So another way to read this article is African countries try to maintain their own culture And try to resist Western imperialism.
In this case, the imperialism of the pride flag or the progress flag.
It's even beyond the marriage issue.
You see it with abortion.
The West pushes abortion on Africa.
A lot of countries that don't want it.
Or the West pushes all sorts of things.
Contraception even too.
You would think that the woke people would be in favor of the Africans keeping their own culture and opposing Western imperialism and hegemony.
But they're not.
Because what we're seeing here is that liberalism is really not so much about you do you and I'll do me and live and let live.
It's not that at all.
Liberalism actually appears to be a fairly totalitarian ideology.
This is why we focus on the rainbow flag as the kind of new flag of the United States.
The flag of the United States, the stars and stripes, is a national flag that talks about the nation of America.
Which is a bounded concept.
The LGBT, the rainbow flag, is an imperial flag.
It's a universal flag.
The claims of the rainbow are just as true in Tibet as they are in Detroit.
This is a flag for all people at all times throughout history.
And the State Department is pushing this imperial ideology.
The State Department just yesterday tweeted out its support of International Pronouns Day.
State Department tweets out yesterday, quote, Today on International Pronouns Day, we share why so many people list pronouns on their email and social media profiles.
Read more here.
That's great.
We really support pronouns and men pretending to be women.

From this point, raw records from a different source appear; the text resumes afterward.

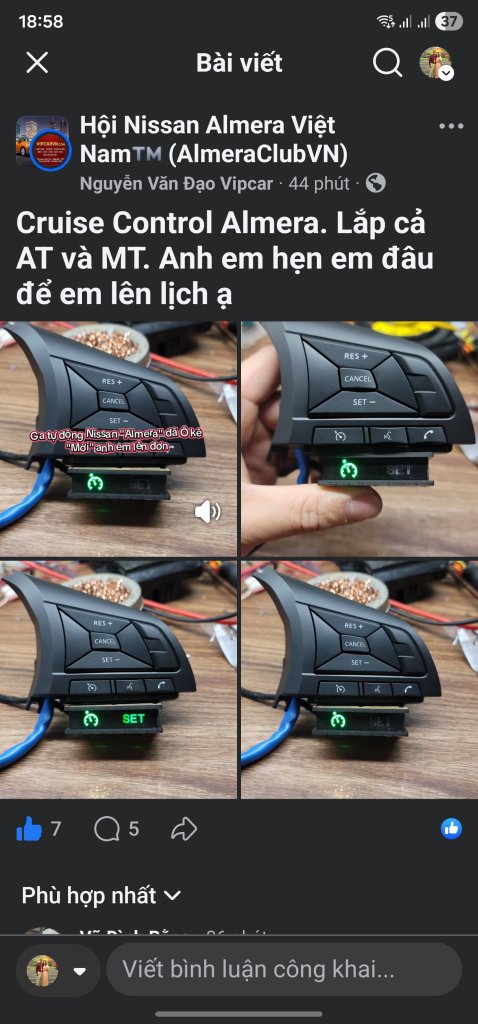 1000016177.jpg
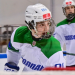 Russia’s next hockey super-stars are coming for the NHL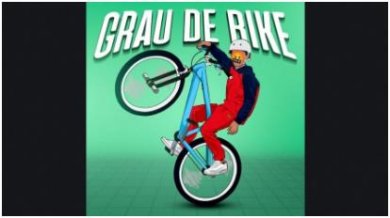 搜狗截图24年02月06日1036_1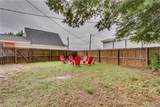 1426 Queen City Avenue - Photo 27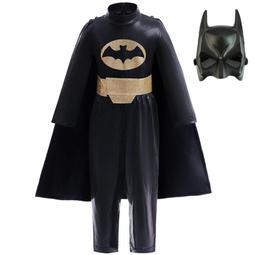 漫威同真無線旋轉耳機遊戲低延遲電競耳機高續航 歷史價格詳細信息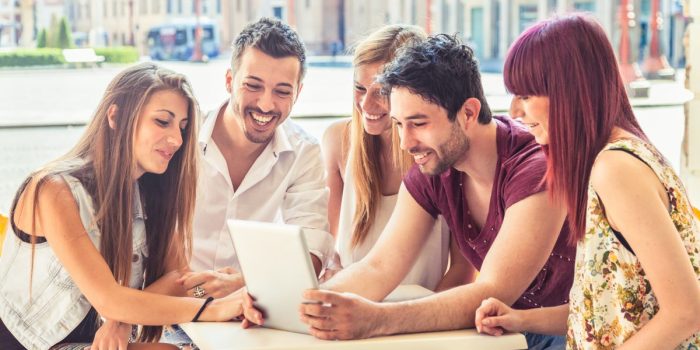 Atlassian User Training​​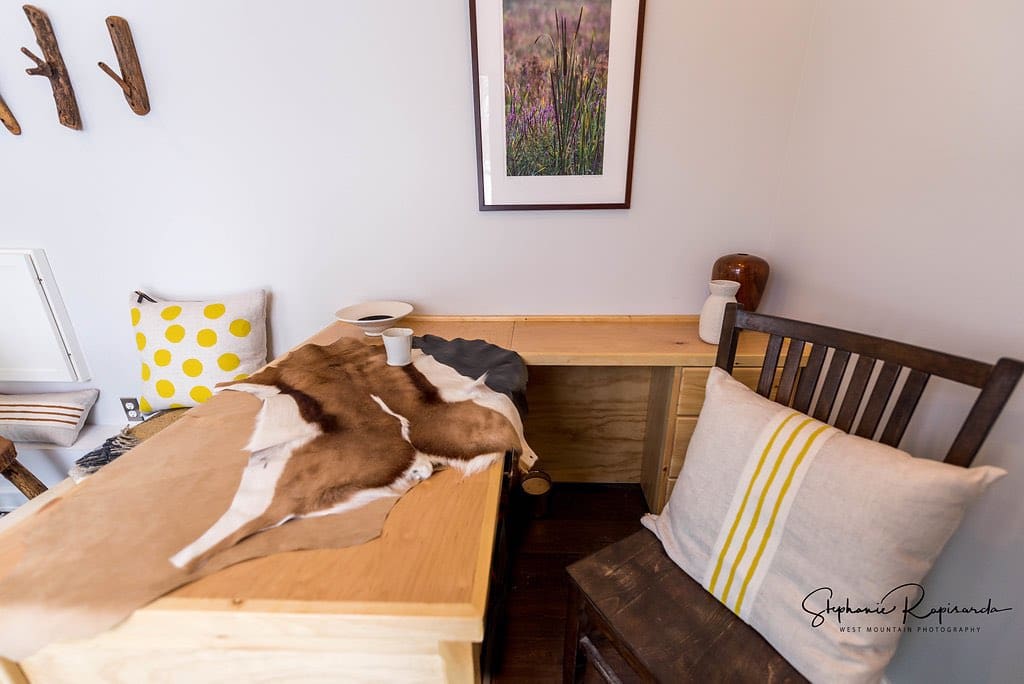 brodie tiny house 17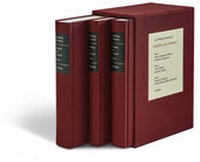 Abbildung von: Schriften zur Literatur Gesamtwerk - C.H.BECK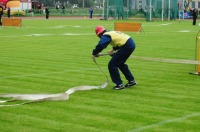 Ogólnopolskie Zawody Sportowo-Pożarnicze w Opolu - 4606_foto_opole_034.jpg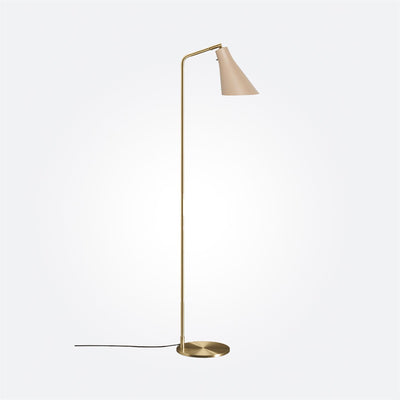 RUBN Miller Floor Lamp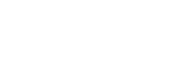 kok在线登录入口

This is what it says, actually, underneath.
You can read it in the post.
Read on to learn why it matters what pronouns you use to refer to people and how the United States embraces sharing pronouns.
So, There are two questions here, or two possibilities, I guess, to the question, why is America sharing this?

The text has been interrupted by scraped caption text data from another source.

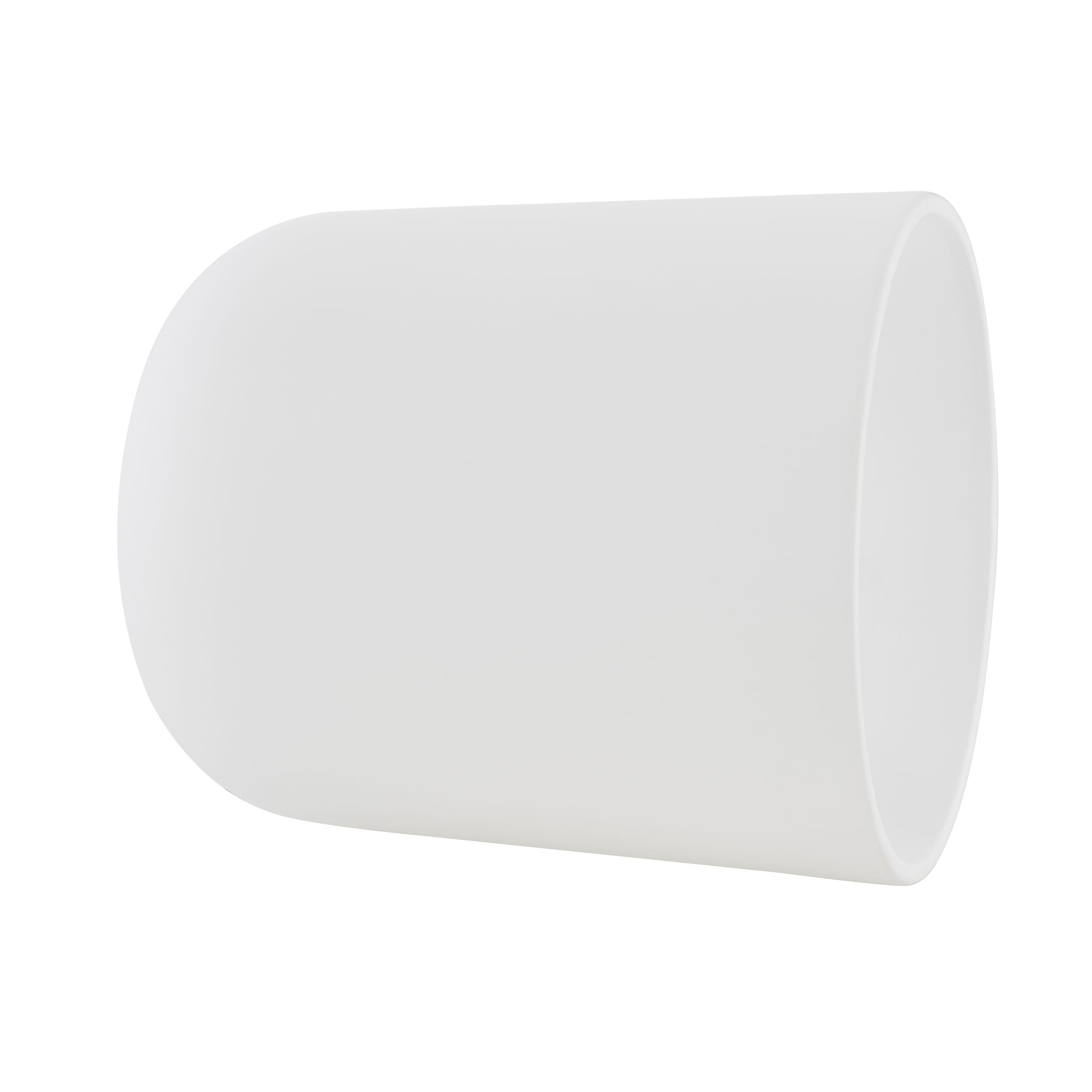 Style Selections FSLG0408-31 Light-Shades - View #4
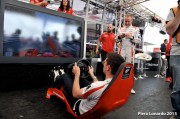 Italian-Endurance.com - Le Mans 2015 - PLM_1428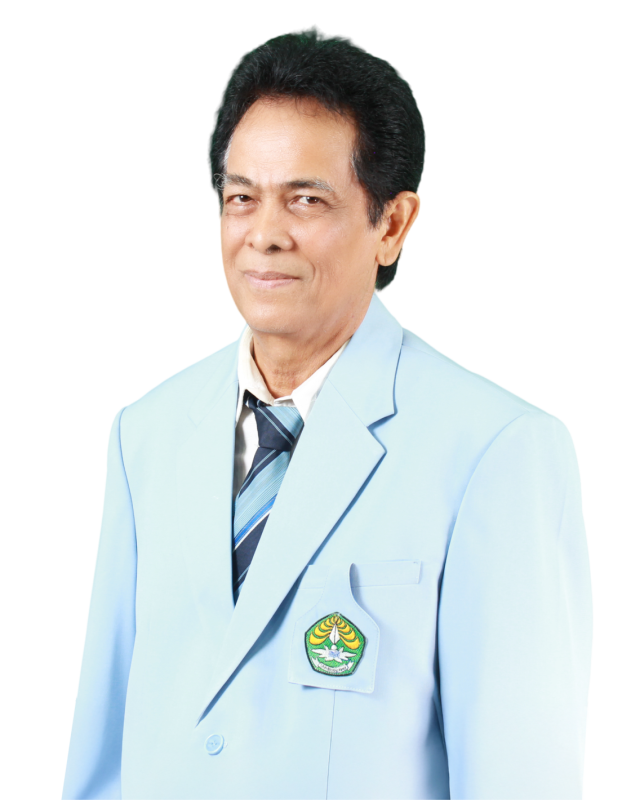 B ISYANDI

Is it because America is just oblivious to how radical this idea is that men can be women, and it's important to pretend that men are women in some cases?
Or is it because the U.S. State Department knows that this is a poisonous but very effective ideology, and the United States is weaponizing it to increase our power and influence around the world?
I don't know.
I don't know.
I suspect it's some combination, actually.
I suspect that most of the pawns who are pushing this just think it's just true.
It's just true that men can be women.
It's just good to do that.
And I suspect a lot of people at the top recognize that it's a powerful ideological weapon.
It's an information weapon.
Either way, though, it is authoritarian.
It is an imperial ideology.
And people do have the right to resist it.
Back when the United States stood for truth, justice, and the American way, back when we were a Christian nation in our self-understanding, back when the West broadly was Christendom, I think a lot of us could get on board with sending that overseas.
That was the point of Columbus' voyage.
That was the point of Western exploration, to share the good news of the gospel and the civilization that Christianity created to the rest of the world.
And I'm on board with that.
Yeah, let's do it.
Let's go.
Let's bring the good news, man.
Let's do it.
As a great civilization, let's share it with people.
But now, if the empire is going abroad to share transgender bathrooms and climate hysteria and fear of the sun monster, I'm not on board with that.
And I have a great deal of empathy, actually, for the nations in Africa or Asia or wherever else that want to resist it.
People are resisting it here.
The ALCS was on TV the other night.
You've got A-Rod and Big Poppy were on Fox Sports discussing the game.
And the crowd decided to start chanting a very well-known expression, a variation on the phrase, let's go, Brandon.
Guys can come in like a chess in the queen or a rook on the chessboard, right?
These people have routines, but I think Ivaldi's the one guy he can get away with.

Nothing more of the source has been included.